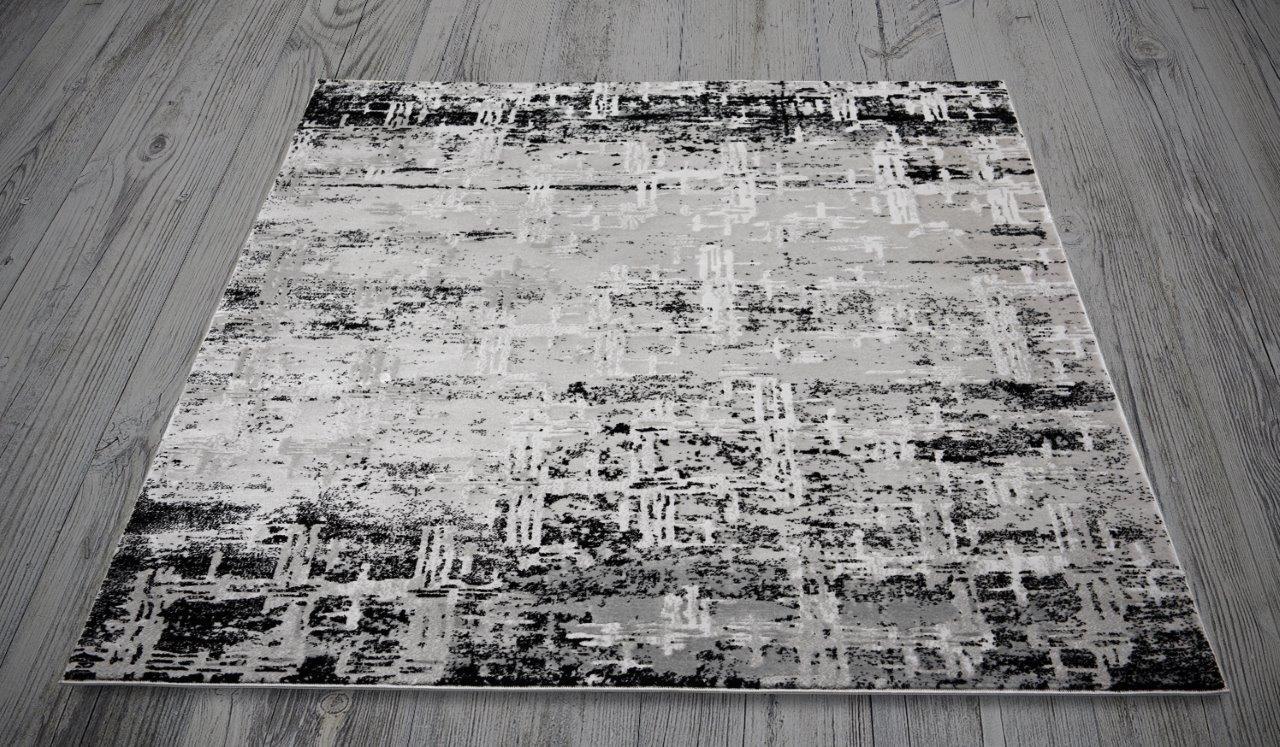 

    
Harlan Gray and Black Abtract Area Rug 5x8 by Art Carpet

...

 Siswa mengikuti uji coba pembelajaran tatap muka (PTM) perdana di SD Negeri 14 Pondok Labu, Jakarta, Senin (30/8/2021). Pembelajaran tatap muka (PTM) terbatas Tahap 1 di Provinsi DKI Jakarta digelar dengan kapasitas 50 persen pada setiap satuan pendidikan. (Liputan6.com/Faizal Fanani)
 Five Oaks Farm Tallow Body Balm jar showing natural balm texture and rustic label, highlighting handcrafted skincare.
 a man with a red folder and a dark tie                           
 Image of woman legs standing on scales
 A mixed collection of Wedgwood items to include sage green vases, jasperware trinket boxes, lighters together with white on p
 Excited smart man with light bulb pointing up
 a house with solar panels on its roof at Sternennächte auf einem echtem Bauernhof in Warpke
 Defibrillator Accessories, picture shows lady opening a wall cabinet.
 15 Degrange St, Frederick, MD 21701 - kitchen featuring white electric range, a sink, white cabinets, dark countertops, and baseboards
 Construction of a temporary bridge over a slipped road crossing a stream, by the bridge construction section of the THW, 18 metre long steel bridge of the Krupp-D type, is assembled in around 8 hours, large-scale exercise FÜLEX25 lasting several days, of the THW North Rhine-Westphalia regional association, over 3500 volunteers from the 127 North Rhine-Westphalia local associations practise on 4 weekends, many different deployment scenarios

--

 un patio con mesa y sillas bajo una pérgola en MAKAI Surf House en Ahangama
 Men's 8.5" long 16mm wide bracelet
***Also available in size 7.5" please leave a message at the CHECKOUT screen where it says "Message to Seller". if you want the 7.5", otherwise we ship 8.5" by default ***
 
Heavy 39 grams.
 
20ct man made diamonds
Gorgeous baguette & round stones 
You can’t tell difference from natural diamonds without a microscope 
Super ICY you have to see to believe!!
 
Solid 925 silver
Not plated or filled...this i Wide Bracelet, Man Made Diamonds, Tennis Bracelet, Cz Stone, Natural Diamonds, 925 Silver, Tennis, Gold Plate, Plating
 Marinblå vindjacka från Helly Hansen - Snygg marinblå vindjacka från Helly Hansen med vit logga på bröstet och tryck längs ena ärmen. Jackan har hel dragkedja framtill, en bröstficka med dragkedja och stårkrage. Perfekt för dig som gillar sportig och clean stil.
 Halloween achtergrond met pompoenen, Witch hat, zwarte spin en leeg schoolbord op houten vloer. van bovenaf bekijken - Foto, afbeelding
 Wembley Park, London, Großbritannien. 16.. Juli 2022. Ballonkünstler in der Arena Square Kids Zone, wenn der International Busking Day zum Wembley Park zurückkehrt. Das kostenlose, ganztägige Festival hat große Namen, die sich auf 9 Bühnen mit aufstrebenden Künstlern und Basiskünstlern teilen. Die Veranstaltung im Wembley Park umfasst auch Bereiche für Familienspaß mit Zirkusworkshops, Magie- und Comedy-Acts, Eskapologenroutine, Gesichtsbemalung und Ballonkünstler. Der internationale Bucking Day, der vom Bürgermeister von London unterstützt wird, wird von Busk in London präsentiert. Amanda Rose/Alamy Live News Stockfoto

> **Work task**
Retype the records above, but only those lines that fall between the line containing "16mm wide bracelet" and the line containing "Not plated or", with both of those lines included, exactly as written.

> **Result of the exercise**
 Men's 8.5" long 16mm wide bracelet
***Also available in size 7.5" please leave a message at the CHECKOUT screen where it says "Message to Seller". if you want the 7.5", otherwise we ship 8.5" by default ***
 
Heavy 39 grams.
 
20ct man made diamonds
Gorgeous baguette & round stones 
You can’t tell difference from natural diamonds without a microscope 
Super ICY you have to see to believe!!
 
Solid 925 silver
Not plated or filled...this i Wide Bracelet, Man Made Diamonds, Tennis Bracelet, Cz Stone, Natural Diamonds, 925 Silver, Tennis, Gold Plate, Plating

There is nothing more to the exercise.